Let $(M,d)$ be a metric space. Let $A\subseteq V\subseteq M$.

1) $A$ is open in $V \Leftrightarrow A = C\cap V$ (for a certain open $C$ in $M$)

2) $A$ is closed in $V \Leftrightarrow A = C\cap V$ (for a certain closed $C$ in $M$)

Questions:

  • Could someone check the proof?

  • 'for a certain open $C$ in $\color{Blue}{M}$.'

    Would this proof also work for a more specific choice of $C$? Like for a certain open $C$ in $\color{blue}{V}$. I don't really see the added value of choosing $M$ over $V$.

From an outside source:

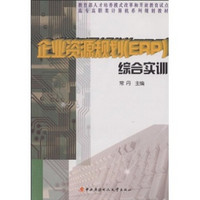 高专高职类计算机系列规划教材：企业资源规划（ERP）综合实训（附光盘）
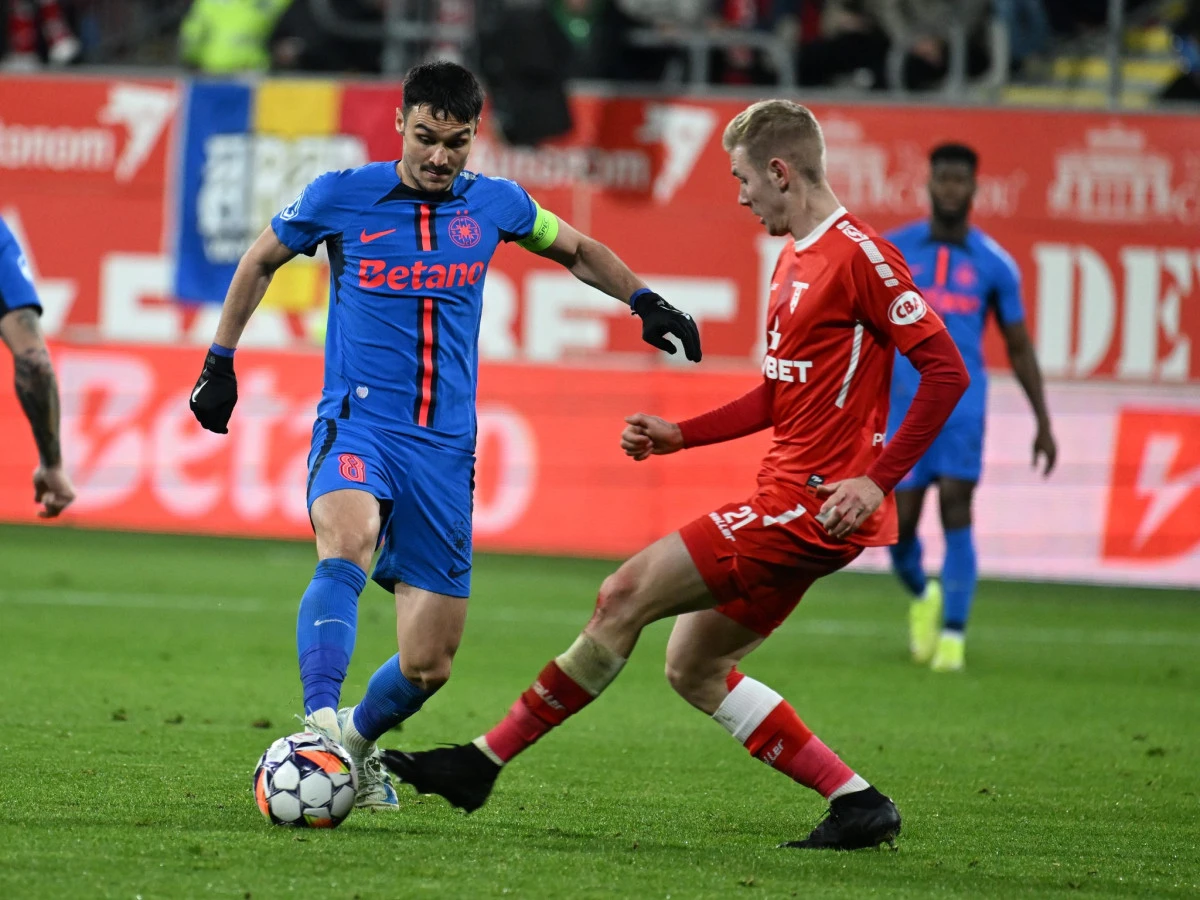 UTA rămâne pe locul 10 în SuperLiga și își ia definitiv adio de la play-off!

  • Could some give me some pointers on how to prove $2, \Rightarrow$?

Proof 1)

$\Leftarrow$: Choose $a\in A$.

$$\begin{array}{rl} & a \in A = C\cap V\\ \Rightarrow & a \in C\\ \Rightarrow & (\exists r > 0)(B_M(a,r)\subseteq C)\\ \Rightarrow & (\exists r > 0)(B_M(a,r)\cap V \subseteq C\cap V)\\ \Rightarrow & (\exists r> 0) (B_V(a,r)\subseteq A \end{array}$$

$\Rightarrow$: Choose $a\in A$.

$$\begin{array}{rl} \Rightarrow & (\exists r_a >0)(B_V(a,r_a) \subseteq A) \end{array}$$

Consider all $a\in A$ then:

$$\begin{array}{rl} & A = \bigcup_{a\in A} B_V(a,r_a)\\ \Rightarrow & A = \bigcup_{a\in A} \left[ V\cap B_M(a,r_a)\right]\\ \Rightarrow & A = V\cap\left[ \bigcup_{a\in A} B_M(a,r_a)\right] \end{array}$$

Let $$\left[ \bigcup_{a\in A} B_M(a,r_a)\right] = C$$ which is open as a union of open sets.

Proof 2)

$\Leftarrow$:

$$\begin{array}{rrl} & V\setminus A &= V\setminus(C\cap V)\\ \Rightarrow & & = (V\setminus C)\cup (V\setminus V)\\ \Rightarrow && = V\setminus C \end{array}$$

Since $C$ is closed then $V\setminus C$ is open and so is $V\setminus A$. Then $A$ is closed in $V$.

$\Rightarrow$: How?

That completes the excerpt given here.